A 30-year-old man, who one month before admission presented with cough, headache and progressive dyspnoea on exertion. Two weeks later the patient presented with mucopurulent expectoration and fever of 38ºC. He consulted his doctor who prescribed treatment with amoxicillin and later moxifloxacin and tiotropium bromide. He consulted the emergency department for dyspnoea at rest, severe retrosternal pain and palpitations.
He was a non-smoker and had a history of bronchial asthma, which he treated with inhaled salbutamol.
On physical examination he presented with A.T.: 110/70 mmHg, 37.5º C, he was conscious, tachypnoeic, sweating, with no jugular ingurgitation. Pulmonary auscultation showed diffuse bilateral crackles and cardiac auscultation showed rhythmic, rapid tones without murmurs or extratonos. The abdomen was soft and depressible with no organomegaly. There was no oedema in the extremities and peripheral pulses were preserved.
Laboratory tests showed 18,500 leukocytes with left shift, haemoglobin 16.3 grams/dl, 474,000 platelets, prothrombin activity 73%. D-dimer 920 mg/dl.

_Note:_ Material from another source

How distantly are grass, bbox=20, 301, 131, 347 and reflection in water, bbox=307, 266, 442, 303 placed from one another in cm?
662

Baseline arterial blood gases: pH 7.53, pO2 47 mmHg, pCO2 23 mmHg, CO3H 19.2 mmol/l. Normal biochemistry including troponin and CPK.
Chest X-ray showed severe cardiomegaly and a bilateral interstitial pattern. In view of these findings, a transthoracic echocardiogram was performed showing severe pericardial effusion, with no evidence of tamponade and a left ventricle of normal dimensions.
Admission to the intensive care unit, with treatment with furosemide, levofloxacin, acetylsalicylic acid and non-invasive mechanical ventilation.
A new echocardiogram showed signs of tamponade, so a pericardiocentesis was performed, obtaining one litre of serohaematic fluid, with the following biochemical characteristics: LDH 2353 U/l, protein 5.3 gr, 9855 cells with 98% polymorphonuclear.
Seven days later, he was transferred to the Internal Medicine Department where the study to determine the aetiology of the pericardial effusion and the interstitial pattern was initiated, and the following tests were performed: antinuclear antibodies, rheumatoid factor, Mantoux, negative. The thyroid profile was normal.
Pericardial fluid culture was negative, as were three blood cultures.
Pathological anatomy of the pericardial fluid was reported as intense acute inflammation and clusters of mesothelial cells with reactive-looking atypia, being negative for malignant cells.
Carcinoembryonic antigen (CEA) was found to be elevated 21.53 ng/ml. In addition, serologies for human immunodeficiency virus, Mycoplasma pneumoniae, cytomegalovirus, Epstein Barr and Chlamydia pneumoniae were negative except for IgM to cytomegalovirus which was positive.
A chest CT scan showed two pathologically sized mediastinal adenopathies of pretracheal location measuring approximately 19 x 15 mm and 18 x 17 mm respectively, and a slightly larger bilateral pleural effusion on the right side. A pulmonary window showed bilateral and diffuse alterations of the lung parenchyma with an interstitial pattern of nodular septal reticulum and lobular centre with areas of patchy alveolar condensation predominantly distributed in the apical segment of the lower lobes and both upper lobes.

Bronchoscopy was performed, observing upper airways, vocal cords and trachea without alterations, there was a widening in the subcarinal area. The bronchial tree showed no alterations. Bronchoalveolar lavage was performed in the apical segment of the culmen, but the examination had to be suspended due to poor tolerance, and neither puncture of the adenopathies nor transbronchial biopsy could be performed.
The pathological anatomy of the lavage revealed abundant macrophages and epithelial groups with reactive atypia, compatible with type II pneumocyte hyperplasia, secondary to acute lung damage.
It was thought that he might have diffuse interstitial lung disease (DIDD) due to the anatomopathological, clinical and radiological features. The first possibility was eosinophilic pneumonia due to the presence of eosinophilia in peripheral blood, and treatment was started with prednisone 1 mg/kg body weight, with a favourable evolution, and he was discharged 25 days after admission, without fever or dyspnoea.
Seven days later, the patient presented again with a cough with mucous expectoration and later haemoptysis. Chest X-ray showed no changes, so a chest CT scan was performed, which revealed a ground glass pattern and a moderate bilateral pleural effusion.
It was decided to perform a lung biopsy to obtain the diagnosis. The report was diffuse lymphatic permeation (following a nodular interstitial pattern) by a well-differentiated acinar-papillary adenocarcinoma with abundant psammoma bodies. Cells with malignant cytological features compatible with adenocarcinoma were observed in the pleural fluid. Histochemical tests confirmed the pulmonary origin of the adenocarcinoma.
She is currently undergoing chemotherapy with the combination of cisplatin and gemcitabine.
Two cycles have been administered so far, so we do not yet have data on the possible response.